A number of people are starting to question why governments are funding the side-projects of multi-billion dollar publicly listed companies who have the capacity to raise the funds themselves, and that is a fair question. There are literally dozens and dozens of innovators and entrepreneurs beavering away in small factories, labs and garages who promise to produce step-changes in the hydrogen revolution – at Star Scientific we know, we have found many of them. They typically share one thing in common, they do not have the connections, or time, or resources or expertise to invest in the incredibly complex requirements that come with government funding applications.

To that end the Biden administration’s “Earthshot” invitation, to all-comers, regardless of size, for ideas to quickly advance the hydrogen economy looks very promising, very promising indeed. It appears the US is not going to be held back by those who want to slow the transition down.

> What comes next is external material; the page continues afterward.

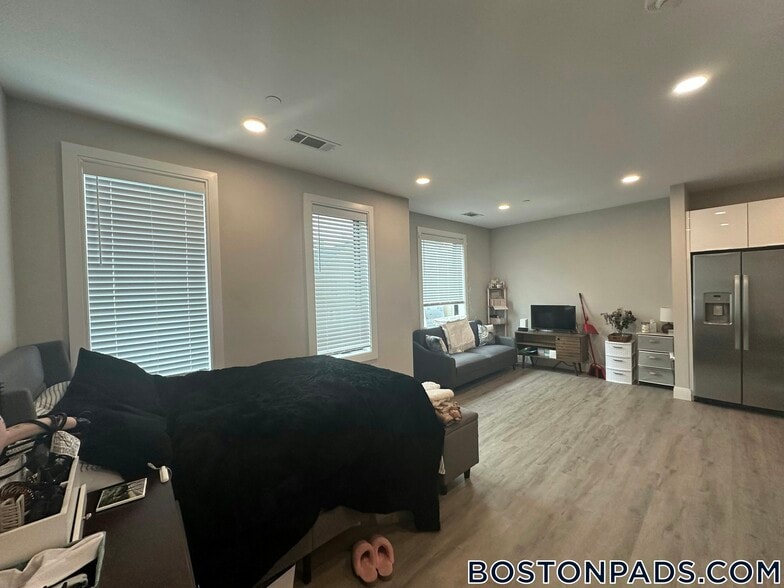 Building Photo - 656 Saratoga St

There are more important things governments can do. If they must spend money, then spend it on creating demand rather than obsessing with supply. It’s basic economics – create the demand then the innovators and investors will step in. So, fund the potential users of the hydrogen, like food and beverage manufactures, to help them transition their production processes across.

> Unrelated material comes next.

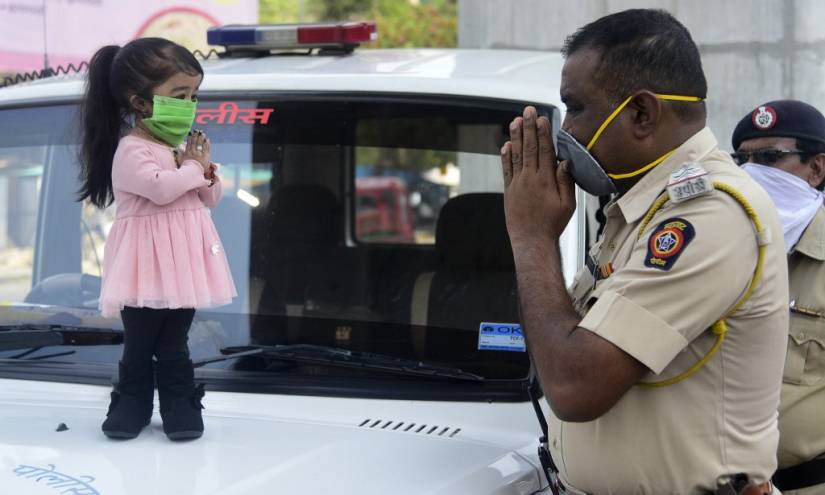 En India, la mujer más baja del mundo ayuda a la policía a alentar al confinamiento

If governments wish to fund supply, then do so with wide-ranging incentives open to everyone rather than projects directed at individual companies and their pet projects, the benefits of which will be captured by their shareholders. In Australia we went through a revolution in PV solar and wind because governments set targets and broad incentives, and the markets looked after the rest. The same should be done for green hydrogen – the government should set incentivised production targets and let the market step in.

The far more important role for governments is the area of regulation – the closer we can get to universal standards, regulation, and certification on green hydrogen, the faster we will progress.

The other area where we must get “fair dinkum” about is in the rush to export. In Australia, if you flicked through the industry media or government publications you would be forgiven for thinking that the only reason for developing the hydrogen industry is exclusively for export. This overlooks the many, many potential domestic industrial users, who are desperate for an alternate for coal, gas and for whom batteries will not work.

History is thus at risk of repeating itself – we are the world’s largest gas exporter, but domestic supply is about to fall off a cliff, versus demand, and it is way too expensive – we are at the point where, I kid you not, we are going to be importing gas.

I hope we do not make the same mistake again with hydrogen, or the “social licence” we often talk about will be a moot point if potential domestic customers either cannot access green hydrogen or it is too expensive.

Yes, there is an export play for green hydrogen, and it will be good for driving demand. However, the bigger picture is that green hydrogen, in the longer term, will be produced closer to its end market. Indeed, for net energy importers like industrialised Japan or the developing Philippines, green hydrogen produced by offshore wind gives them the hope of energy sovereignty for the first time.

It certainly is an exciting time to be involved in the Universe’s most abundant molecule – but just now we need to step back and cast a critical eye at what is perceived as “progress” and what are our genuinely real issues.